5. Pandas API On Spark

The pandas API on Spark gives pandas users a familiar DataFrame interface backed by Spark execution. It is useful when code reads naturally in pandas style but the data is too large for a single machine. It is still Spark underneath, so partitioning, shuffles, execution plans, and collection to the driver still matter.

Apache Spark’s pandas API on Spark docs emphasize best practices such as using PySpark APIs when they are clearer, checking execution plans, avoiding unnecessary shuffles, and choosing an index strategy intentionally.

[1]:

from pathlib import Path
import shutil

from pyspark.sql import SparkSession, functions as F

DATA_DIR = Path.cwd()
OUTPUT_DIR = DATA_DIR / "_spark_output" / "pandas-api-on-spark"

if OUTPUT_DIR.exists():
    shutil.rmtree(OUTPUT_DIR)
OUTPUT_DIR.mkdir(parents=True, exist_ok=True)

spark = (
    SparkSession.builder
    .master("local[*]")
    .appName("spark-intro-pandas-api-on-spark")
    .config("spark.driver.host", "127.0.0.1")
    .config("spark.driver.bindAddress", "127.0.0.1")
    .config("spark.sql.shuffle.partitions", "4")
    .config("spark.default.parallelism", "4")
    .config("spark.sql.adaptive.enabled", "false")
    .config("spark.ui.showConsoleProgress", "false")
    .getOrCreate()
)

sc = spark.sparkContext
sc.setLogLevel("ERROR")

print("Spark version:", spark.version)
print("Spark master:", sc.master)

Spark version: 3.5.8
Spark master: local[*]

[2]:

import pandas as pd
import pyspark.pandas as ps

ps.set_option("compute.default_index_type", "distributed-sequence")
print("pandas API on Spark imported")

pandas API on Spark imported

5.1. A Pandas-Like DataFrame

The API looks familiar: create a DataFrame, select columns, assign new columns, and group by values.
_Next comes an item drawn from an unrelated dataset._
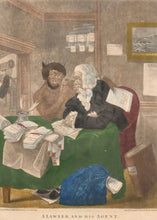 Load image into Gallery viewer, "A Lawyer And His Agent" Rare Mezzotint Satire On The Law Circa.1780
The result is not a local pandas DataFrame until you explicitly collect it.

[3]:

psdf = ps.DataFrame({
    "customer_id": [1, 2, 3, 4, 5],
    "region": ["north", "south", "north", "west", "south"],
    "amount": [10.0, 25.5, 7.5, 40.0, 13.0],
})

psdf["large_order"] = (psdf["amount"] >= 20).astype("int64")
summary = psdf.groupby("region").agg({"amount": "sum", "large_order": "sum"}).sort_index()
summary

[3]:

	amount	large_order
region
north	17.5	0
south	38.5	1
west	40.0	1

5.2. Moving Between APIs

You can convert from pandas API on Spark to a Spark DataFrame when Spark SQL functions make the next step clearer. You can also expose a Spark DataFrame through the pandas API on Spark when pandas-style operations are easier to read.

[4]:

spark_df = psdf.to_spark(index_col="row_id")
spark_df.show()

round_trip = spark_df.pandas_api(index_col="row_id")
round_trip.head(3)

+------+-----------+------+------+-----------+
|row_id|customer_id|region|amount|large_order|
+------+-----------+------+------+-----------+
|     0|          1| north|  10.0|          0|
|     1|          2| south|  25.5|          1|
|     2|          3| north|   7.5|          0|
|     3|          4|  west|  40.0|          1|
|     4|          5| south|  13.0|          0|
+------+-----------+------+------+-----------+

[4]:

	customer_id	region	amount	large_order
row_id
0	1	north	10.0	0
1	2	south	25.5	1
2	3	north	7.5	0

5.3. Plans Still Matter

Pandas-looking code can still trigger Spark shuffles. The .spark.explain() accessor is a useful reminder that this API is not local pandas.

[5]:

summary.spark.explain()

== Physical Plan ==
*(3) Project [__index_level_0__#21, amount#22, large_order#23L]
+- *(3) Sort [__index_level_0__#21 ASC NULLS LAST, __natural_order__#53L ASC NULLS FIRST], true, 0
   +- Exchange rangepartitioning(__index_level_0__#21 ASC NULLS LAST, __natural_order__#53L ASC NULLS FIRST, 4), ENSURE_REQUIREMENTS, [plan_id=101]
      +- *(2) HashAggregate(keys=[__index_level_0__#21], functions=[sum(amount#3), sum(large_order#20L)])
         +- Exchange hashpartitioning(__index_level_0__#21, 4), ENSURE_REQUIREMENTS, [plan_id=97]
            +- *(1) HashAggregate(keys=[__index_level_0__#21], functions=[partial_sum(amount#3), partial_sum(large_order#20L)])
               +- *(1) Project [region#2 AS __index_level_0__#21, amount#3, cast((amount#3 >= 20.0) as bigint) AS large_order#20L]
                  +- *(1) Filter atleastnnonnulls(1, region#2)
                     +- *(1) Scan ExistingRDD[__index_level_0__#0L,customer_id#1L,region#2,amount#3]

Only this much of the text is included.